# Build Your Own Reddit Alternative

- Tool: Build Your Own SaaS Alternative
- Last updated: May 2026

## TL;DR

Reddit had 121.4M DAUq and $530M net income in FY2025, but its 2023 API pricing war killed Apollo, Reddit is Fun, and other beloved third-party apps. AI-generated content now floods subreddits while Reddit licenses real user posts to AI labs. A custom Reddit alternative costs $80k-$200k and takes 3-5 months. Lemmy (14.4k GitHub stars) provides a federated open-source foundation that reduces build cost to hosting + customization.

## Frequently asked questions

### How much does it cost to build a Reddit alternative?

A Reddit alternative costs $80k-$200k and takes 3-5 months with a team of 2 developers. Forking Lemmy (14.4k GitHub stars, AGPL-3.0) and customizing it reduces build cost to $20k-$60k in infrastructure and customization. Building from scratch for maximum flexibility lands at $100k-$200k. Hosting runs $5k-$15k/yr for a community of up to 100k monthly active users.

### How long does it take to build a Reddit clone?

3-5 months from scratch with a team of 2. Forking Lemmy and customizing it (new UI, vertical features, moderation tools) takes 4-6 weeks. The voting/ranking algorithms are the trickiest engineering component — Hot and Best calculations are simple, but making them resistant to vote manipulation adds 2-3 weeks. ActivityPub federation adds another 3-4 weeks if building from scratch.

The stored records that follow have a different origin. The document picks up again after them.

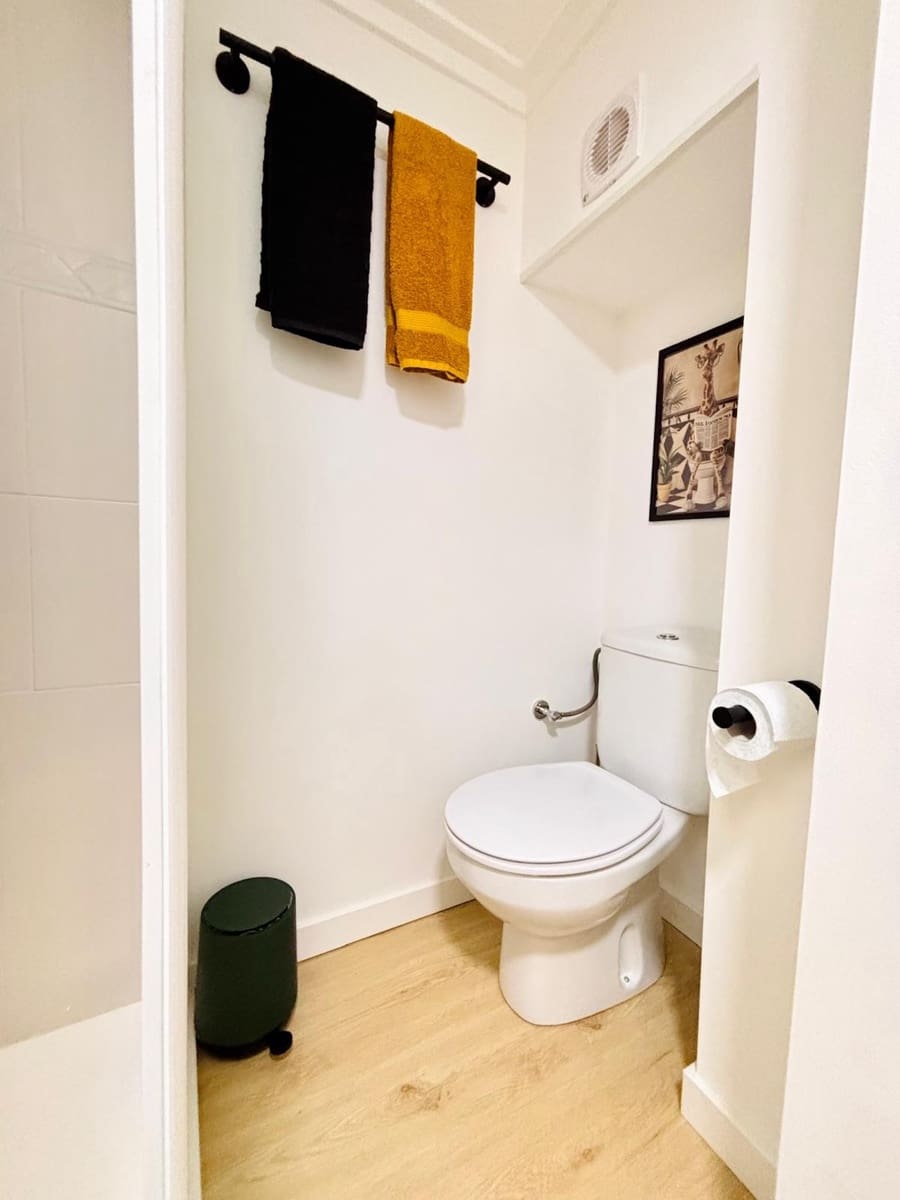 2 sovrum Lägenhet till salu i Torrevieja - 121 000 € (Ref: 9353154)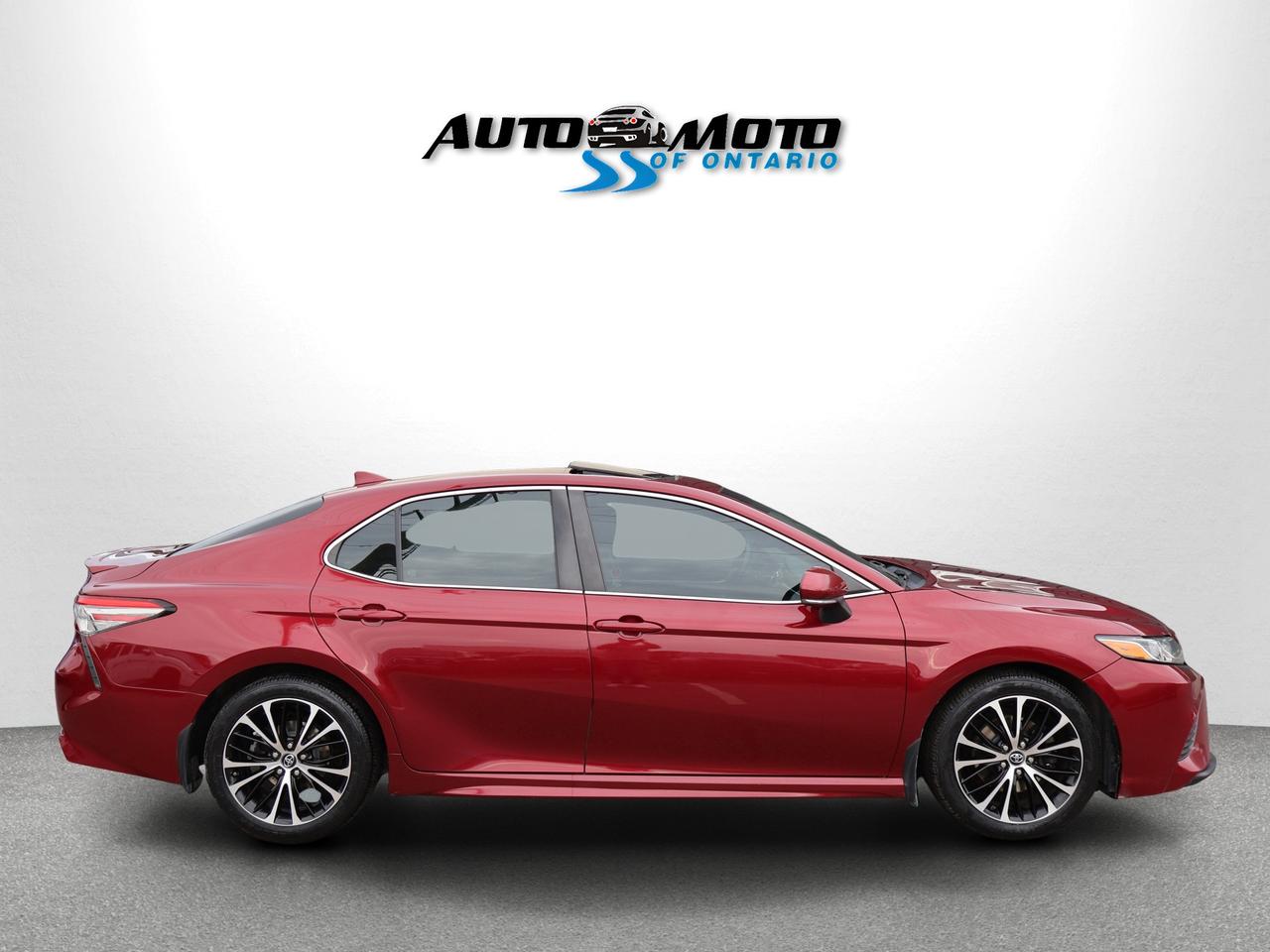 2018 Toyota Camry SE *ACCIDENT FREE*SERVICE RECORDS*2ND WINTER* CAMERA NAV BLUETOOTH LEATHER HEATED SEATS SUNROOF CRUISE ALLOYS Photo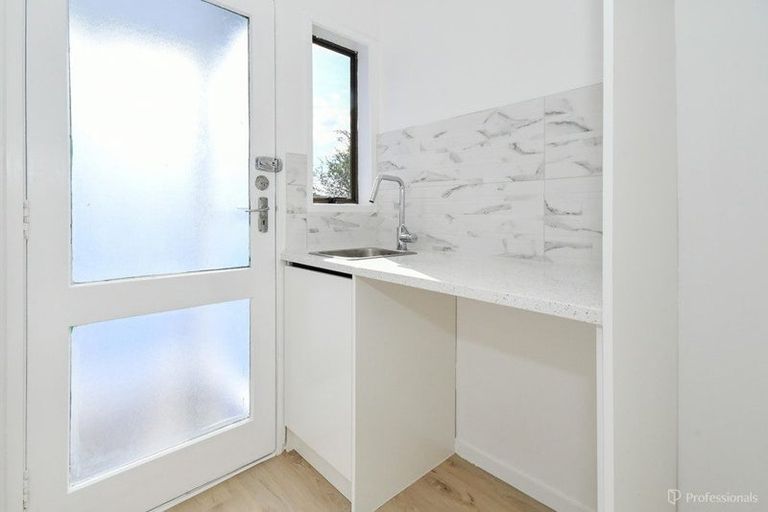 Photo of property in 36 Tamworth Close, Manurewa, Auckland, 2102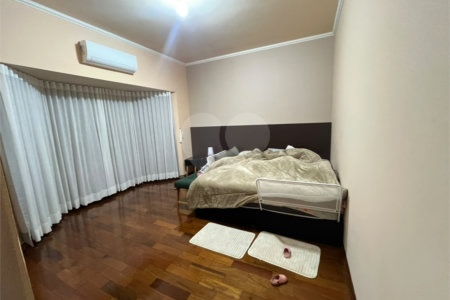 Casa à venda com 3 quartos, sendo 1 suíte, em Parque Santa Marta, São Carlos, SP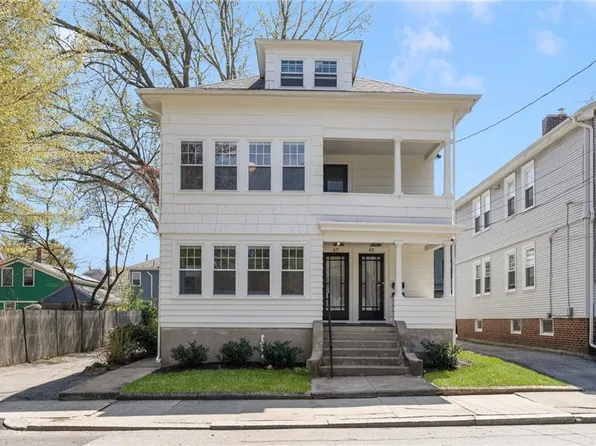 65 12th St, Providence, RI 02906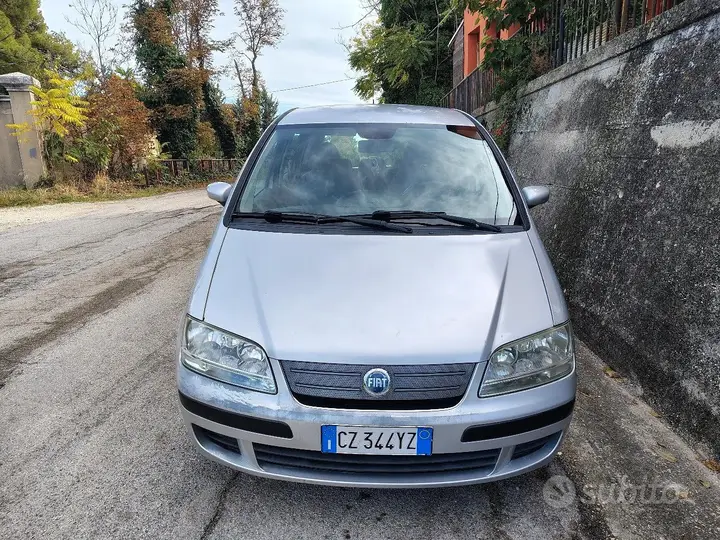 Fiat Idea 2006 photo 2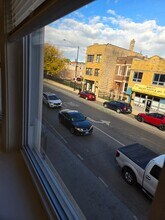 4801 W Armitage Ave, Unit 2nd floor in Chicago, IL - Foto de edificio - Building Photo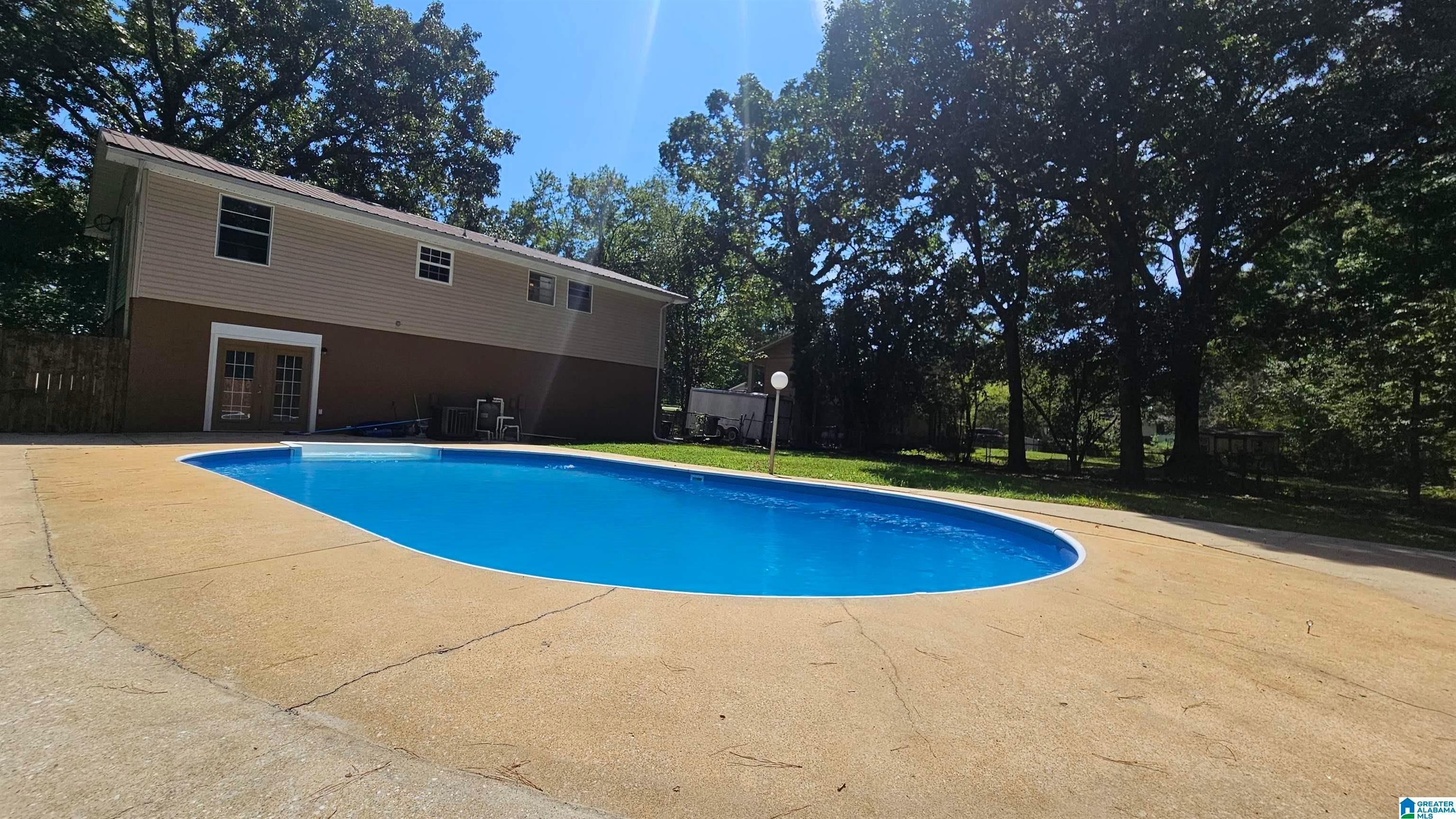1009 JO ANN DRIVE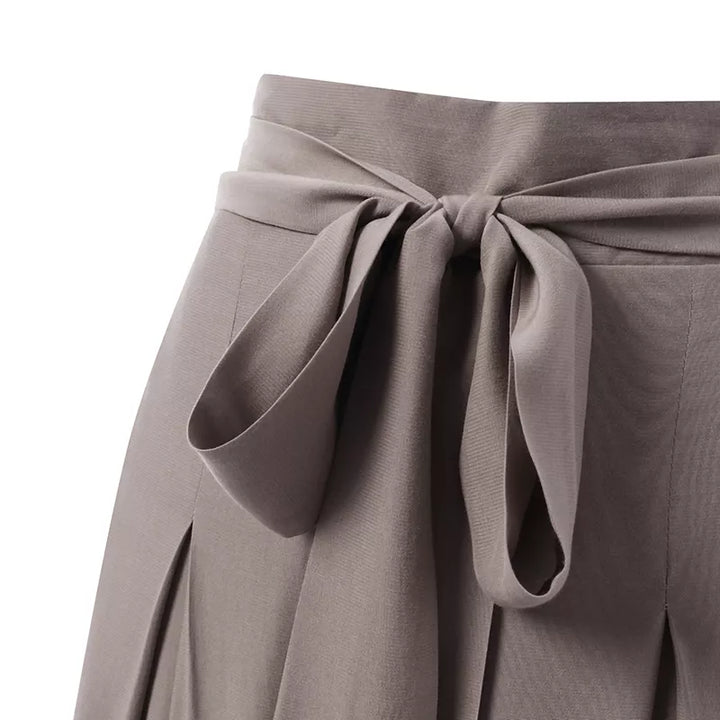 Trendige Damenhose Plus Size, weites Bein, High Waist, modisch und bequem für den Business-Alltag.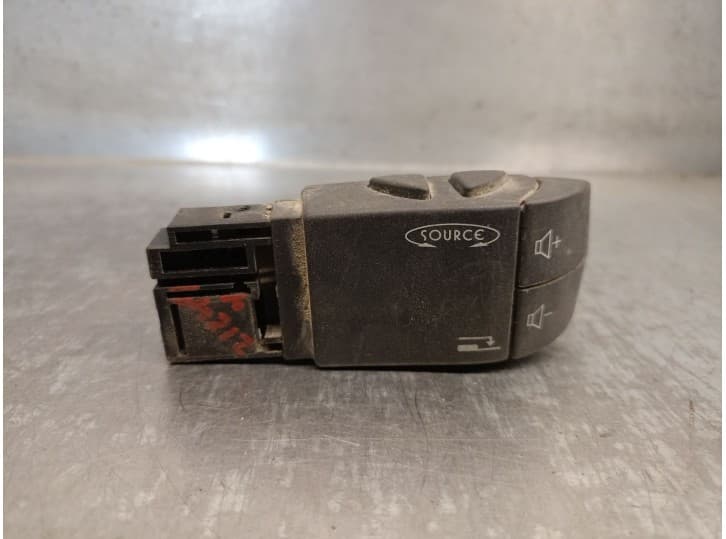 Recambio de mando multifuncion para renault trafic ii furgoneta (fl) 2.5 dci 135 (fl0d) referencia OEM IAM 8200009040 8200009040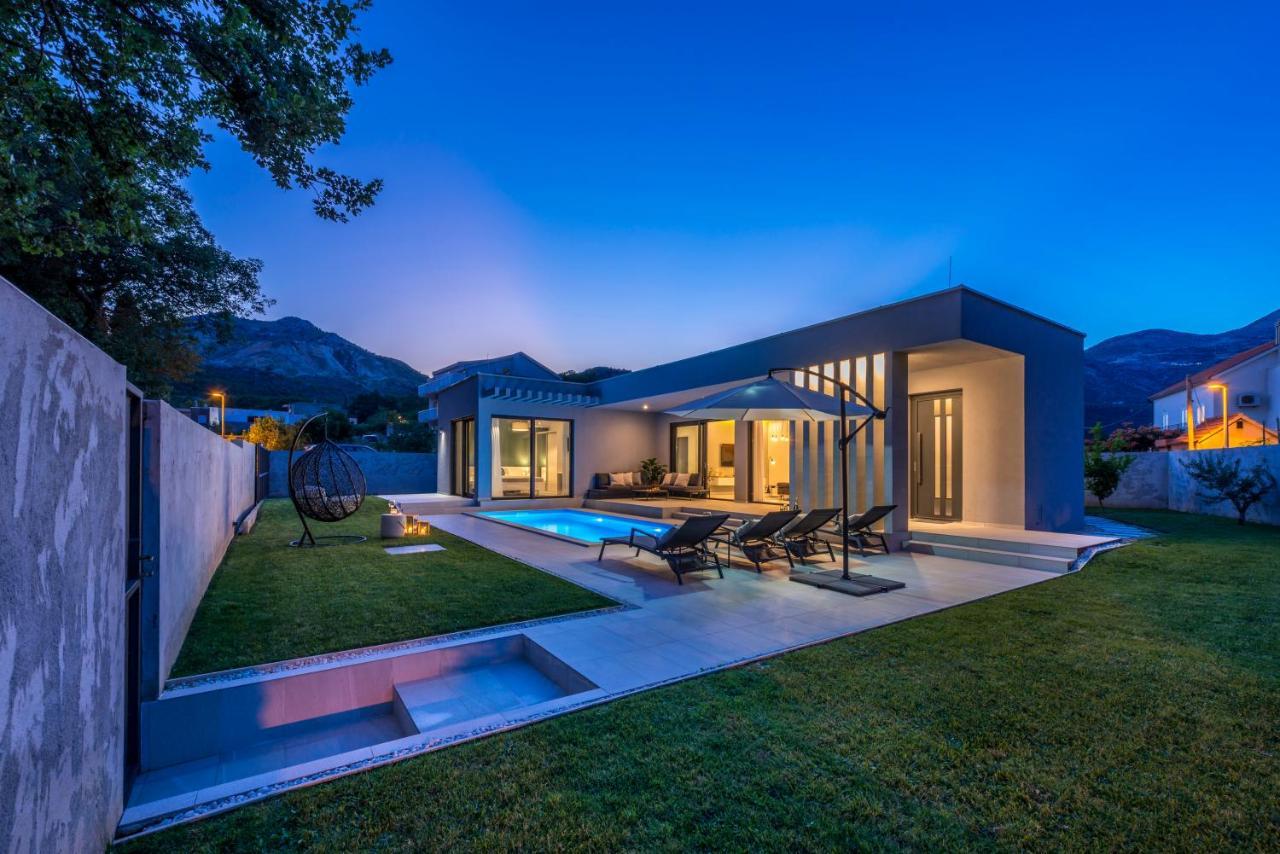 Villa Oasis - Your Luxury Home Away From Home Celopeci Buitenkant foto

### Are there open-source Reddit alternatives?

Yes — three strong options: Lemmy (14.4k GitHub stars, AGPL-3.0, Rust) is the best production-ready federated Reddit alternative with v1.0.0-beta.0 released May 2026; Discourse (47.1k stars, GPL-2.0) is the gold-standard forum platform with a Q&A plugin; Mbin (~1k stars, AGPL-3.0, PHP) is a Threadiverse-compatible fork with both link aggregation and microblogging.

### What happened with Reddit's 2023 API pricing change?

In June 2023, Reddit set API pricing at $0.24/1,000 calls and eliminated the free tier that third-party apps had used for years. Apollo developer Christian Selig calculated this would cost his app $20M/yr — making it impossible to sustain. Apollo, Reddit is Fun, Sync, Narwhal, and a dozen other apps shut down. Thousands of subreddits went dark in protest (r/ModCoord). Reddit forced moderators back by threatening removal. The mod protest fatigue and resentment of Reddit's corporate direction continues.

### Should I fork Lemmy or build from scratch?

Fork Lemmy unless you have specific architectural requirements it cannot meet. Lemmy provides: production-ready ActivityPub federation, comment trees with voting, hot/best ranking algorithms, community moderation tools, and multiple production instances you can test against. The Rust + TypeScript stack is modern and maintainable. Building from scratch makes sense if you need: a specific database schema Lemmy cannot accommodate, a tech stack your team knows better (Node.js), or UX requirements that would require rewriting most of Lemmy's frontend anyway.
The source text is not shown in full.